### WHAT IS REQUIRED:
Return every line in the entries below where the word "will" shows up.
START RECORD EXCERPTS
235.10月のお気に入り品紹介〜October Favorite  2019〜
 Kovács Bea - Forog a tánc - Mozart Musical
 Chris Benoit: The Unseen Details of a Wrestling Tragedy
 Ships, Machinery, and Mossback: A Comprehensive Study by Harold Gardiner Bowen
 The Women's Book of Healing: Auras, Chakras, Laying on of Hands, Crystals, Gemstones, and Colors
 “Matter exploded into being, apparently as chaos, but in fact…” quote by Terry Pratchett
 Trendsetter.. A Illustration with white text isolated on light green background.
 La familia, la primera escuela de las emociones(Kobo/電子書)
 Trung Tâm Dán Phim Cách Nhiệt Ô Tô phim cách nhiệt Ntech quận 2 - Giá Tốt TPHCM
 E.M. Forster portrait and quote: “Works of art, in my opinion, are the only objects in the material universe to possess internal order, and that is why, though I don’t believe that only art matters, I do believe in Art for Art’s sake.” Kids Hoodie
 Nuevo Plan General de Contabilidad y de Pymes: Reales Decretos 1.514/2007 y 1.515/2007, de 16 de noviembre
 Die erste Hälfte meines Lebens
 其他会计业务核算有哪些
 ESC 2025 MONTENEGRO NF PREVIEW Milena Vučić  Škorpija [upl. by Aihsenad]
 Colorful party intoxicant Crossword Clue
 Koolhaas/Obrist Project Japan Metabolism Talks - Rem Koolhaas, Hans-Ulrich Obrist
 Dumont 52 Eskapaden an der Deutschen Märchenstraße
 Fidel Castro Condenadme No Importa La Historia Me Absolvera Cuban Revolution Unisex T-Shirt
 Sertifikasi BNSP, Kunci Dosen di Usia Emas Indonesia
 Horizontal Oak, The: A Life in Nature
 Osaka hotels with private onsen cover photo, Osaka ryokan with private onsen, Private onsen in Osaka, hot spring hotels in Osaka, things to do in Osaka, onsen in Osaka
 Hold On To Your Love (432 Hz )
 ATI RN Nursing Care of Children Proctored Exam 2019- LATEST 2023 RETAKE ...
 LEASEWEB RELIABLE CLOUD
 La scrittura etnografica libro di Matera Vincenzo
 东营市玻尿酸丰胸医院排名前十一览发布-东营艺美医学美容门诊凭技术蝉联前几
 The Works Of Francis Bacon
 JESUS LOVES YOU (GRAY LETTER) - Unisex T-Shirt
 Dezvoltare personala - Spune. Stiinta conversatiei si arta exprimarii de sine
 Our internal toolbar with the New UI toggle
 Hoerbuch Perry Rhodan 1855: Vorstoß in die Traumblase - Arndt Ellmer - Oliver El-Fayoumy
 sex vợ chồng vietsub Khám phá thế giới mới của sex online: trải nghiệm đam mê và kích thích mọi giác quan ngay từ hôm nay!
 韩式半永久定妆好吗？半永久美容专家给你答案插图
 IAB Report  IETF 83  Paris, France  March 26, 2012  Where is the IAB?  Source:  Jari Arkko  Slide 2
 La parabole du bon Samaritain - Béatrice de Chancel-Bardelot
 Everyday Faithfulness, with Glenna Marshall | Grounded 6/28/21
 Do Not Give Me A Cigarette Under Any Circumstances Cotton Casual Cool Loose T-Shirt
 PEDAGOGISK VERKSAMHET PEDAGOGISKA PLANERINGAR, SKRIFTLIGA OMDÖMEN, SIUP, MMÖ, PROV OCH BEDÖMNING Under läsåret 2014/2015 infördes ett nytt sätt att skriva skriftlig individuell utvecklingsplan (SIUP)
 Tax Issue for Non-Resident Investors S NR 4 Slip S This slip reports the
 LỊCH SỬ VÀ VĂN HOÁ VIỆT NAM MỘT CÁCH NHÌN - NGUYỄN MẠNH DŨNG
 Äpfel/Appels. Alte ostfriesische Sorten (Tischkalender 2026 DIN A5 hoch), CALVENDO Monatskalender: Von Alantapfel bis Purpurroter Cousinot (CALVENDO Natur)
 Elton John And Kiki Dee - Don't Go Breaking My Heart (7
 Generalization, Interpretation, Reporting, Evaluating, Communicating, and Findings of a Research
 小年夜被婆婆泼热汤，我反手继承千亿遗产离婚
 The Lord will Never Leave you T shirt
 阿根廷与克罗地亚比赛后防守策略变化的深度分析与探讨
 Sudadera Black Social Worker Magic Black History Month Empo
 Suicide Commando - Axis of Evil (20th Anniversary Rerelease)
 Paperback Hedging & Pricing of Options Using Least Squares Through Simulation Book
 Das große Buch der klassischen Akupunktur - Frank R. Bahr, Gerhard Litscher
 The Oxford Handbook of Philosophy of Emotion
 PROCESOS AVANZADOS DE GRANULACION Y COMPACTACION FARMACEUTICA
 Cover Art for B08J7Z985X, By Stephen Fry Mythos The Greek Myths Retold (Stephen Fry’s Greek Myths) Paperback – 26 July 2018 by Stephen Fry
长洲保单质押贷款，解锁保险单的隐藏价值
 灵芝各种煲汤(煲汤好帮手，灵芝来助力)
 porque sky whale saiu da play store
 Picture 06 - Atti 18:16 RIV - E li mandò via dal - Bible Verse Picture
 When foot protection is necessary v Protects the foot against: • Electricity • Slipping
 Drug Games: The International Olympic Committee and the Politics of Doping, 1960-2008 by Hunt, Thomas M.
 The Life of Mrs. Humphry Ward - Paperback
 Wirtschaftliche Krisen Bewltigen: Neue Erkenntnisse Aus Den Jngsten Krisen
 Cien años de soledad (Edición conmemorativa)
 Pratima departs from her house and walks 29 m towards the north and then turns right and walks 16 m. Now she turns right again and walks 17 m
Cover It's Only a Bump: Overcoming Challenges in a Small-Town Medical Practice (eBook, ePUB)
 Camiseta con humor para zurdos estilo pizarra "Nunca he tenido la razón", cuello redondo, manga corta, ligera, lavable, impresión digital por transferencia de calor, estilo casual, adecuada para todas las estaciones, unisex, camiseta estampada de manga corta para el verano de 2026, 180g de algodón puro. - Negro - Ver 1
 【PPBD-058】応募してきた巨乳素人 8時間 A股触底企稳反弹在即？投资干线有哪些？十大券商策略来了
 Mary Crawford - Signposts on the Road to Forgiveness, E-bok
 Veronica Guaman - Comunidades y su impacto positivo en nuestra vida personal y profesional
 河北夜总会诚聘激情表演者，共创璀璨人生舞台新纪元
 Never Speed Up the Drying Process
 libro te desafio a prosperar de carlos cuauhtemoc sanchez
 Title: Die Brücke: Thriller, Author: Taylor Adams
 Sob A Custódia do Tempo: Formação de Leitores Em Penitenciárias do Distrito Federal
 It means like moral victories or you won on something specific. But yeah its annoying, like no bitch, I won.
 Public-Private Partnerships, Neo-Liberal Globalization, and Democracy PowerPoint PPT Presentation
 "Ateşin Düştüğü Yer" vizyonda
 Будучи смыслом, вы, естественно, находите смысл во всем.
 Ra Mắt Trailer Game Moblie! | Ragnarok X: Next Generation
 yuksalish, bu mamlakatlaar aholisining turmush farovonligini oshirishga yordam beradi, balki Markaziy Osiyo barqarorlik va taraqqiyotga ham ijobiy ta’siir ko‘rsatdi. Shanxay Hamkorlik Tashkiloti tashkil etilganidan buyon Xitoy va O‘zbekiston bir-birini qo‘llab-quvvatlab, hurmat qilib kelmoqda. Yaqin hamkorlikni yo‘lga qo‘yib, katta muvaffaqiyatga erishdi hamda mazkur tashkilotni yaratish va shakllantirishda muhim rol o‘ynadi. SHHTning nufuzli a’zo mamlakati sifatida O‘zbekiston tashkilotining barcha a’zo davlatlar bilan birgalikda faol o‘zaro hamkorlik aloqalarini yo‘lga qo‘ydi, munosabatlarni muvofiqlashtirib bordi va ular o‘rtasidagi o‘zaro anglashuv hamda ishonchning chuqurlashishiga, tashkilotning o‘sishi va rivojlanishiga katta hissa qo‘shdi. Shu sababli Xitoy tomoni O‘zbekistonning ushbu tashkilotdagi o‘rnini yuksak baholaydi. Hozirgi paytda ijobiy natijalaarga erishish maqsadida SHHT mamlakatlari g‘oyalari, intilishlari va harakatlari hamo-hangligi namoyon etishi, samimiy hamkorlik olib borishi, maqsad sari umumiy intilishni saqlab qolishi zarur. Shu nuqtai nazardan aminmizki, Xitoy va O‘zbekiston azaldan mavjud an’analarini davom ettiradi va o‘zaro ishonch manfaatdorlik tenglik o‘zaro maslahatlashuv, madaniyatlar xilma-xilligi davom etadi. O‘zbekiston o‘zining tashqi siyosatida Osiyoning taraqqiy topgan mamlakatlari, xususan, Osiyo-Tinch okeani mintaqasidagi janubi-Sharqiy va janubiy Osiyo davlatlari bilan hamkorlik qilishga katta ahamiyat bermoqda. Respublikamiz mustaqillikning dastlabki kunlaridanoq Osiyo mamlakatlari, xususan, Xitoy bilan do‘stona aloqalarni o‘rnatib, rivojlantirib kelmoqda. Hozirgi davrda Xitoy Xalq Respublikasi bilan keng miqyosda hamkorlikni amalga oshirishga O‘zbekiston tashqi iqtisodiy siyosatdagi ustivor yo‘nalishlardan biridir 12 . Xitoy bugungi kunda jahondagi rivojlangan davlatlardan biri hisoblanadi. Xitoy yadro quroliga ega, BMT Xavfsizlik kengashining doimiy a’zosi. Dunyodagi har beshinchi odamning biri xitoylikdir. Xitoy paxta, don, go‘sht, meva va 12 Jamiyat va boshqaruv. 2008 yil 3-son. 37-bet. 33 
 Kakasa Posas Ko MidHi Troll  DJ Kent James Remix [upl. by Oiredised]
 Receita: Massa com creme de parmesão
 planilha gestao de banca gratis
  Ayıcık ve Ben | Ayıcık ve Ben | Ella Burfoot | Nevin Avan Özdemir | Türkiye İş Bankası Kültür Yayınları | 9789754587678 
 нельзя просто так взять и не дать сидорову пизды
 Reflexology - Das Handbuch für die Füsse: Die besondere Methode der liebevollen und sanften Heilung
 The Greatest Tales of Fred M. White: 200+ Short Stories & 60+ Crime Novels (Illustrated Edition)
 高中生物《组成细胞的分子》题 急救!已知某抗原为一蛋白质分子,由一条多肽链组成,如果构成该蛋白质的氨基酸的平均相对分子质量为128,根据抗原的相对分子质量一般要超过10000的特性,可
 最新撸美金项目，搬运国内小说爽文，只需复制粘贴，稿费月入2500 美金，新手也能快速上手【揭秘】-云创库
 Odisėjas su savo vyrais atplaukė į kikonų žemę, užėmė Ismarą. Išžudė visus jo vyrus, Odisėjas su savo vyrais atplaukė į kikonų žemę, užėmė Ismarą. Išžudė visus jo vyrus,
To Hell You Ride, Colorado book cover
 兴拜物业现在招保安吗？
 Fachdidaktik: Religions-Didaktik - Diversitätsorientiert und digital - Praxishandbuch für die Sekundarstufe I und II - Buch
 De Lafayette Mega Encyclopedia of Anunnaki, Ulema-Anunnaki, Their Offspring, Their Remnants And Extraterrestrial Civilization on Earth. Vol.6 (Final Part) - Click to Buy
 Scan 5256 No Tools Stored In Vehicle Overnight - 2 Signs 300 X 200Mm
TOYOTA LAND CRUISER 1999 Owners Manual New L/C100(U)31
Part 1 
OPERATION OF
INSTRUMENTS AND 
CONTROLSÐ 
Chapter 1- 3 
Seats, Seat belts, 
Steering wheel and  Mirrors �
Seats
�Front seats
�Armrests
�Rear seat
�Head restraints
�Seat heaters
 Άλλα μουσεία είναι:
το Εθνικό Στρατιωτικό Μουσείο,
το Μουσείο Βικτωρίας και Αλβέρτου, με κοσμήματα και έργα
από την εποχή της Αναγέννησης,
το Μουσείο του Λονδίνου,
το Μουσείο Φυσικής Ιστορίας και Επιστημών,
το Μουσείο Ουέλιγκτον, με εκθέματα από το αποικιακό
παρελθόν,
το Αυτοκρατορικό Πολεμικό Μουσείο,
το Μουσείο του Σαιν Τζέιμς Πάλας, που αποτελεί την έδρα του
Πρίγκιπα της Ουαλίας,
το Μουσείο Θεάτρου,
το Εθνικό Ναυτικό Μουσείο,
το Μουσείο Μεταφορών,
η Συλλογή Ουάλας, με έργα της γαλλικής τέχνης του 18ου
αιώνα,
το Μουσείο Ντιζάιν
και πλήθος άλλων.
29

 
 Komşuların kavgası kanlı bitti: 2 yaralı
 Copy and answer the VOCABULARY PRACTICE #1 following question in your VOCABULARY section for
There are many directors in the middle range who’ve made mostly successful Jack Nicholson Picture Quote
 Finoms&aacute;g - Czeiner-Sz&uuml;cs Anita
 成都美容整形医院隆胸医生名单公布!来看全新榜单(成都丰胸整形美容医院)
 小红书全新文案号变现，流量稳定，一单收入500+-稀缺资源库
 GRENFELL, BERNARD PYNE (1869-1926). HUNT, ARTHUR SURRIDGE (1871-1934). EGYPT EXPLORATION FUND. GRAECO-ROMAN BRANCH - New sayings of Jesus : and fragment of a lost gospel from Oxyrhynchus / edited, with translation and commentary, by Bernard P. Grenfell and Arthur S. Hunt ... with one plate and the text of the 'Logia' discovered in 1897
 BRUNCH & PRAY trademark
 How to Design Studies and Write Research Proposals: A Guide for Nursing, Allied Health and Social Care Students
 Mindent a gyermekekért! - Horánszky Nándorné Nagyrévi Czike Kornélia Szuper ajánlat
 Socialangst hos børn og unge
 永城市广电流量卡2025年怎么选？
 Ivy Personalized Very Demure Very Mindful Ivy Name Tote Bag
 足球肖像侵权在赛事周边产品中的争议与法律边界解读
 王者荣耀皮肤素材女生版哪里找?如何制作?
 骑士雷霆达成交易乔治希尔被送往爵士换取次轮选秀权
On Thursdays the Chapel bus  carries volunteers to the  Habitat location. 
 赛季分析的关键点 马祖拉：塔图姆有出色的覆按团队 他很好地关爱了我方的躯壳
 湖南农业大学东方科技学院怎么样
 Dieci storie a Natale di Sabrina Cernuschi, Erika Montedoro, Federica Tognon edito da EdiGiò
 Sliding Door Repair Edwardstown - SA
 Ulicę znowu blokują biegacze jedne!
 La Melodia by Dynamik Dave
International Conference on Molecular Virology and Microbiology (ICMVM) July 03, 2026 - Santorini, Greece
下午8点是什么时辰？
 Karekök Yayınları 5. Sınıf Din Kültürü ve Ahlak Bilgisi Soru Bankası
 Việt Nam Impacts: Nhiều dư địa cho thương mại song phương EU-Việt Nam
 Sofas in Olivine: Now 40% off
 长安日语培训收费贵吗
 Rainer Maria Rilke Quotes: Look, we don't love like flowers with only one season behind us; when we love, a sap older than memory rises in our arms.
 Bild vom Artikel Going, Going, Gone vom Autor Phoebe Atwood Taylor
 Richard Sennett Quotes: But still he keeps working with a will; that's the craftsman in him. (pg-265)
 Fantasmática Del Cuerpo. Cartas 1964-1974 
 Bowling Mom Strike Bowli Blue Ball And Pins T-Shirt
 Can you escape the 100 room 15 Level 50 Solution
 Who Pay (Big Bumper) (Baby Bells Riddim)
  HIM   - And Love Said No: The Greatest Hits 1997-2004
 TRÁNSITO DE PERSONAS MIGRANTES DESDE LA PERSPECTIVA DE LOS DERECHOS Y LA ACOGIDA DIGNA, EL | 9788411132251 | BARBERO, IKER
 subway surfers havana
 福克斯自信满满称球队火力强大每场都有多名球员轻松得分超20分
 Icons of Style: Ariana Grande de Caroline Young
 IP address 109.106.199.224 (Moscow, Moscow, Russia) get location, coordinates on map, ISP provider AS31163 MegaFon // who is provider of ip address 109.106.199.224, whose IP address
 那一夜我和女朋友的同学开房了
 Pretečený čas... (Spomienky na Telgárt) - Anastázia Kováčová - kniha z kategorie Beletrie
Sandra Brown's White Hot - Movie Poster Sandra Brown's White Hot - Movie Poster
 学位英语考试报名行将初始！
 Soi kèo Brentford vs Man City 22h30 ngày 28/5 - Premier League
END RECORD EXCERPTS
### TASK ANSWER:
 The Lord will Never Leave you T shirt
 Richard Sennett Quotes: But still he keeps working with a will; that's the craftsman in him. (pg-265)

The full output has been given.